You must admit there is a certain irony in reports out of Argentina by none other than the newly named CEO of YPF, (NYSE: YPF) Miguel Galuccio, that his company has found a significant shale deposit waiting to be developed and if he can do so it will make Argentina s significant exporter of oil and natural gas.
What’s the irony?
YPF is the company that Argentina recently seized from Spain’s Grupo Repsol and nationalized. The action created a huge international dispute and Repsol’s demand for payment of $10.5 billion for confiscating its assets three months ago.
Shale Gas South America SOURCE: USGS
Argentina shale gas reserves exceed its 13.4 trillion cubic feet (tcf) conventional proven gas reserves. The largest shale play is the Neuquen basin with more than 250 TCF. YPF discovered 4.5 TCF of shale gas in the Loma de la Lata Field of Neuquen in December 2010. Gas transportation and field services infrastructure are already in place making it attractive for further development. There are also additional Argentine shale deposit reserves in Chubut and Santa Cruz provinces near the Golfo San Jorge in the Atlantic southeast part of the country. The U.S. Energy Information Administration (EIA) says Argentina’s technically recoverable shale gas reserves are the third largest in the world after the United States and China at 774 trillion cubic feet (Tcf) with more than half of that in the Neuquén Basin on the western side of the country.
Mr Galuccio used his press conference to dangle the prospect of opportunities for 50-50 partnerships with YPF for investors in the projects. He said foreign oil companies partnering with YPF could reasonably expect a 15 percent to 20 percent return on their investments.
The YPF CEO said he wanted to invest $37.2 billion through the end of 2017 to begin development of the shale resources and wanted an initial tranche of $4.6 billion of that total amount to come from outside investors. Three fourths of the capital would be used for production and the remaining capital would be used to improving refinery capacity and 4 percent for new exploration.
The numbers reveal the Argentine dilemma—finding shale resources is a long way from developing them and bringing them to market. And that is the rock and hard place Argentina faces. To exploit its shale potential Argentina needs the active participation and assistance from large international oil field services companies and deep pocket investors.
After Argentina’s economic crisis it put price controls on energy which scared away investors and developers. Its new plan has begun to turn that around and make it more likely that E&P can be profitable again. But its habit of regulatory overreach and confiscating investors’ property are still significant problems.

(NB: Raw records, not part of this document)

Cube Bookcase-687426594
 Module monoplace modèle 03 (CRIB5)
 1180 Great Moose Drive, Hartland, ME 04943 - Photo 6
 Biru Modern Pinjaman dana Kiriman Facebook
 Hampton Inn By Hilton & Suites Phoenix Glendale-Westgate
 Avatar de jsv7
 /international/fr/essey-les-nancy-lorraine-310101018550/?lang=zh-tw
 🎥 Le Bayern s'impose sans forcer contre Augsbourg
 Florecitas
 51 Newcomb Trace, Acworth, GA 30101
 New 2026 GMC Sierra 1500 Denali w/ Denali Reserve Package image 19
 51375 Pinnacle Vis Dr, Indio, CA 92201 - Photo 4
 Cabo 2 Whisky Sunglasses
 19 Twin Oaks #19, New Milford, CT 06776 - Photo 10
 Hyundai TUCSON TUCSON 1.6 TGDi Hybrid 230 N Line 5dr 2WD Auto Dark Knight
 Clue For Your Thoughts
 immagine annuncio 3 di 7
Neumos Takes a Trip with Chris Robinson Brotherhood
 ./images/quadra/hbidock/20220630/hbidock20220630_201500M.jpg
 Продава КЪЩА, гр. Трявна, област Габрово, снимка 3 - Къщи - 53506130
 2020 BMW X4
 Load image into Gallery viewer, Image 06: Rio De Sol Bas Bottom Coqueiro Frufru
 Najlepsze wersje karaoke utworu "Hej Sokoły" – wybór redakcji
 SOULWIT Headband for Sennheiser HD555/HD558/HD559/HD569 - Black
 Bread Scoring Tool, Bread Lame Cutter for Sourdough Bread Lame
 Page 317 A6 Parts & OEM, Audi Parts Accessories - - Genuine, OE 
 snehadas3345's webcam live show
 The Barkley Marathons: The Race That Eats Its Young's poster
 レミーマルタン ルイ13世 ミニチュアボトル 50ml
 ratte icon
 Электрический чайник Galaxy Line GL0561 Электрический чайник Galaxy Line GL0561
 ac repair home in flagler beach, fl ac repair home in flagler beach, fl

Argentina’s shale resource potential is large enough to attract the biggest companies. But in the rapidly changing world of global shale development there are many places where investors can participate in the growth of shales without the risk Argentina presents. Today, the United States is actually one of the most attractive markets in the world for shale because more than 96% of the development is taking place on private lands beyond the reach of Federal regulators. Investors have opportunities not only to buy positions in shale E&P developments but also gain access to the technology, skills and expertise needed to develop other shale resources around the world.
China is expected to be one of the largest investors in US shale development eager to scale its capabilities and then use them to develop China’s own enormous shale resource potential. This should be sobering news to the Argentine Government.
There are plenty of big international oil and gas companies working in Argentina including ExxonMobil, Chevron, Apache Total and Halliburton but the trade press suggests that Argentina will first have to settle its dispute with Grupo Repsol and pay up for its confiscatory ways.
The fierce global competition for energy is attracting capital to the best opportunities. Argentina will not be able to dictate terms for its shale development in isolation so the right balance of price and terms will be required to make it attractive enough from among the options to warrant the risk. Beyond that the risk premium Argentina can expect to pay to play in the shale game will almost certainly eat into its margins or delay its development.